- _Dataset entries_
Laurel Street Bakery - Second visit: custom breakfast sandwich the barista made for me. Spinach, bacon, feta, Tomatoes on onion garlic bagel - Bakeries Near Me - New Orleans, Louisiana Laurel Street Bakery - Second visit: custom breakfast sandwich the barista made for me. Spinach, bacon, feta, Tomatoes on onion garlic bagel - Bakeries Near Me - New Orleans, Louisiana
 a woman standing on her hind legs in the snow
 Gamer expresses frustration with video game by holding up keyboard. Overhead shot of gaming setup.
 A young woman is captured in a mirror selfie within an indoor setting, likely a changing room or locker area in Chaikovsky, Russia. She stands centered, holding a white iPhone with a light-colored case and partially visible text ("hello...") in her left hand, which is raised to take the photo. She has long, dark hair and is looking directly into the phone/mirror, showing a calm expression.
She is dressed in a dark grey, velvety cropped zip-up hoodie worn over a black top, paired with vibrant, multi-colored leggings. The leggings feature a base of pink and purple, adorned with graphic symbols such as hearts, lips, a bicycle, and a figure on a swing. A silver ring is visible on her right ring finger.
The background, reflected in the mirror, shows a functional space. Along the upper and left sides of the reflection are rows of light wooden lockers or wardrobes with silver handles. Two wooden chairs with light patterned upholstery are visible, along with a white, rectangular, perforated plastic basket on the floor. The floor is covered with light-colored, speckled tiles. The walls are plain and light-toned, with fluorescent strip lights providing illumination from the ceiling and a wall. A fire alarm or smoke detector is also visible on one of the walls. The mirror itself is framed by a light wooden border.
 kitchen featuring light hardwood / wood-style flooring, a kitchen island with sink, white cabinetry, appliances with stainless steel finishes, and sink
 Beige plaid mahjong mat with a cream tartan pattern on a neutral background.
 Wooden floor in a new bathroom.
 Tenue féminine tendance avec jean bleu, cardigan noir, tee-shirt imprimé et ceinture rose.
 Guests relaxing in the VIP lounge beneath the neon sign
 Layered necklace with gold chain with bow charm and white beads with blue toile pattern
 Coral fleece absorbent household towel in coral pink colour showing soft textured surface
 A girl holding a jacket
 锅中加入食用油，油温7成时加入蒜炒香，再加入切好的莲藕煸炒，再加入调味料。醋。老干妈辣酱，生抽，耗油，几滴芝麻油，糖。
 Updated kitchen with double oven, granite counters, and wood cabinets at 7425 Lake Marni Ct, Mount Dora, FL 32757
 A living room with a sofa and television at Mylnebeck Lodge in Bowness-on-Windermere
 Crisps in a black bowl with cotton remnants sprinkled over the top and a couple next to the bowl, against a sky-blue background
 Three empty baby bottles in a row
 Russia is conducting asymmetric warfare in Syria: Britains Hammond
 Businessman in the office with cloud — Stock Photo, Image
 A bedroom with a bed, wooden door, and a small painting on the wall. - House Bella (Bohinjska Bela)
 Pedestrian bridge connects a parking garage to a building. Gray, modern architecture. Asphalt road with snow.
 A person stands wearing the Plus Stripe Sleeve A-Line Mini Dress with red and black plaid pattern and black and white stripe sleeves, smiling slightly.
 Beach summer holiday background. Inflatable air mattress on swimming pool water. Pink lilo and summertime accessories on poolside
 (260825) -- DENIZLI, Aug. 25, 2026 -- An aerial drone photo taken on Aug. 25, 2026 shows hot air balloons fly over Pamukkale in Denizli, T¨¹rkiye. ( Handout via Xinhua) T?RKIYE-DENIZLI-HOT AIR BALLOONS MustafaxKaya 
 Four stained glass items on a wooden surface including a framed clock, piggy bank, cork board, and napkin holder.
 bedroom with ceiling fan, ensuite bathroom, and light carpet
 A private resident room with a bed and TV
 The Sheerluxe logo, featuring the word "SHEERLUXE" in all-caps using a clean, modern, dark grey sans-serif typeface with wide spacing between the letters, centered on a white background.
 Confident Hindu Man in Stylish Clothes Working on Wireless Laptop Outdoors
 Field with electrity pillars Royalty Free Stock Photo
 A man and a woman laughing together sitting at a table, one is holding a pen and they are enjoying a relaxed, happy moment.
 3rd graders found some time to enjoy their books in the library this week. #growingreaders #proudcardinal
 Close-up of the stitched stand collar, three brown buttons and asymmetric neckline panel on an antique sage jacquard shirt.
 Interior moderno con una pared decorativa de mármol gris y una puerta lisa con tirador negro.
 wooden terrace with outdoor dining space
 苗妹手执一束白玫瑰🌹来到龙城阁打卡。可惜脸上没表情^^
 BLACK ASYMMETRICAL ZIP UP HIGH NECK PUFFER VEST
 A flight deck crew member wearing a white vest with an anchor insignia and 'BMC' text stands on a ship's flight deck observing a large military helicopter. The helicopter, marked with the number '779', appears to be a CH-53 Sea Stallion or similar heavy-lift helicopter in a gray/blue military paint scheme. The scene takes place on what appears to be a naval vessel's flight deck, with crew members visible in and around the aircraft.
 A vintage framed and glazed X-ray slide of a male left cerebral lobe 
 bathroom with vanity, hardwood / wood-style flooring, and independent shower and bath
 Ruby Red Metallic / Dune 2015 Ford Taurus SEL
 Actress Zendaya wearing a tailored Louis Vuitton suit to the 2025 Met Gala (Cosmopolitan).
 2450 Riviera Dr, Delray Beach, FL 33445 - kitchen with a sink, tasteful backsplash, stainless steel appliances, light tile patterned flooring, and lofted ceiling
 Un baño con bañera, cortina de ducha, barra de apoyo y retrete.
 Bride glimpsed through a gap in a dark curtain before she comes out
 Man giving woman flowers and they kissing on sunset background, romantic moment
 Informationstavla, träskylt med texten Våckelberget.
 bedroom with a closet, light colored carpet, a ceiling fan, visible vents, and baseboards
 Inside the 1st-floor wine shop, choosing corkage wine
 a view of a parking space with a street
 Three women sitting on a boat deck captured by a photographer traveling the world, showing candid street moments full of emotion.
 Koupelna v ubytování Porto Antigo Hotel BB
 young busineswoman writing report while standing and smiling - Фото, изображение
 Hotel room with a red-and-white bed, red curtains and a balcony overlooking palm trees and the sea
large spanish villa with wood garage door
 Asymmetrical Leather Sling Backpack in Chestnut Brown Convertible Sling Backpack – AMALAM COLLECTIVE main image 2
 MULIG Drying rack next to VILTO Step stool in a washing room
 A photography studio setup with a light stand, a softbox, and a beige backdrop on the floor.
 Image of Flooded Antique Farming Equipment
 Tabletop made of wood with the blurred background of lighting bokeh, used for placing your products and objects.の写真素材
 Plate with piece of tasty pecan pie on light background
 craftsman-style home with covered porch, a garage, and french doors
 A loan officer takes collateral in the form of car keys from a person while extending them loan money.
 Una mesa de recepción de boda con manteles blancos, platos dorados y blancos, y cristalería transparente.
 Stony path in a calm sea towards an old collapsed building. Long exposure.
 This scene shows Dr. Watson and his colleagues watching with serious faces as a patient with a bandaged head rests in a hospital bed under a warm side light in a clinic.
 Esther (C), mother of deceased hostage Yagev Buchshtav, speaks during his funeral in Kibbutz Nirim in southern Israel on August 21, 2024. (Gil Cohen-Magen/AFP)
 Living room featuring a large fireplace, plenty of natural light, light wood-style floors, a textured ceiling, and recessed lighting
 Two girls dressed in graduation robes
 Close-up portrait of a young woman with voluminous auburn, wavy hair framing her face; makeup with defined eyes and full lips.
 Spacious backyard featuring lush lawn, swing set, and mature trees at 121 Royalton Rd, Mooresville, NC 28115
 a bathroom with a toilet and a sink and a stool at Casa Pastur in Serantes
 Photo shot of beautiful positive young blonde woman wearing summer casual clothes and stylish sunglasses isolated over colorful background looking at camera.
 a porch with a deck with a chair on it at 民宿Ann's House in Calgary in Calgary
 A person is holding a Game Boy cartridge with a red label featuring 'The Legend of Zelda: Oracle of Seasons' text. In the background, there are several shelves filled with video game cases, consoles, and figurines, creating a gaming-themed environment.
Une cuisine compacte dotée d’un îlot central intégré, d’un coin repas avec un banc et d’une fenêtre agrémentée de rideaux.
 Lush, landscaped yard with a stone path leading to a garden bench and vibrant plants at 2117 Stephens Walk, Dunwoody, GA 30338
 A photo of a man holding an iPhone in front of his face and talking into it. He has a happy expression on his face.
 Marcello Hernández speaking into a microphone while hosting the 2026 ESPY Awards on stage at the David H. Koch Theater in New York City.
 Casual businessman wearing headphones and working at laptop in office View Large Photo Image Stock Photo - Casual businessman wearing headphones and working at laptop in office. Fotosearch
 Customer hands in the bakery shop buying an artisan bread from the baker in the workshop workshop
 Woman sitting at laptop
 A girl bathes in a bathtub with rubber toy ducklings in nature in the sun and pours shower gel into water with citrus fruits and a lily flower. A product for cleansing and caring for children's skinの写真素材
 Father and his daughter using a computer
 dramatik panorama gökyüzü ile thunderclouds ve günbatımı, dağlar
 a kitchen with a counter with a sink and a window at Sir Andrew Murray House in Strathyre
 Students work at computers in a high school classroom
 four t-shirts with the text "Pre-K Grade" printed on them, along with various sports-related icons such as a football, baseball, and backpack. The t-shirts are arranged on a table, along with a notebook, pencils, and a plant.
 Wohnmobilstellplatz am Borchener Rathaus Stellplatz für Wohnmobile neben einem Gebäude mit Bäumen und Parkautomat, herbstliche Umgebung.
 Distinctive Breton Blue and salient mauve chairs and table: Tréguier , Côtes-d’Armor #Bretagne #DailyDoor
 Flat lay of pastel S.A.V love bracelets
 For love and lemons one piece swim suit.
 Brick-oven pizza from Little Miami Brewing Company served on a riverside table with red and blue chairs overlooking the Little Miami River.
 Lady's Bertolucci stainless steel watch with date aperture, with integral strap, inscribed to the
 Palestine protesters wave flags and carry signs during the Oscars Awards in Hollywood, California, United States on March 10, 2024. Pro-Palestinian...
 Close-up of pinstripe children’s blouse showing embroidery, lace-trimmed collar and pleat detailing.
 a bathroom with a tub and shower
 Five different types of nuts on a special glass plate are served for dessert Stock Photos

- _Task statement_
Your answer should be every line above that contains the word "wearing".

- _Your solution_
 A person stands wearing the Plus Stripe Sleeve A-Line Mini Dress with red and black plaid pattern and black and white stripe sleeves, smiling slightly.
 A flight deck crew member wearing a white vest with an anchor insignia and 'BMC' text stands on a ship's flight deck observing a large military helicopter. The helicopter, marked with the number '779', appears to be a CH-53 Sea Stallion or similar heavy-lift helicopter in a gray/blue military paint scheme. The scene takes place on what appears to be a naval vessel's flight deck, with crew members visible in and around the aircraft.
 Actress Zendaya wearing a tailored Louis Vuitton suit to the 2025 Met Gala (Cosmopolitan).
 Photo shot of beautiful positive young blonde woman wearing summer casual clothes and stylish sunglasses isolated over colorful background looking at camera.
 Casual businessman wearing headphones and working at laptop in office View Large Photo Image Stock Photo - Casual businessman wearing headphones and working at laptop in office. Fotosearch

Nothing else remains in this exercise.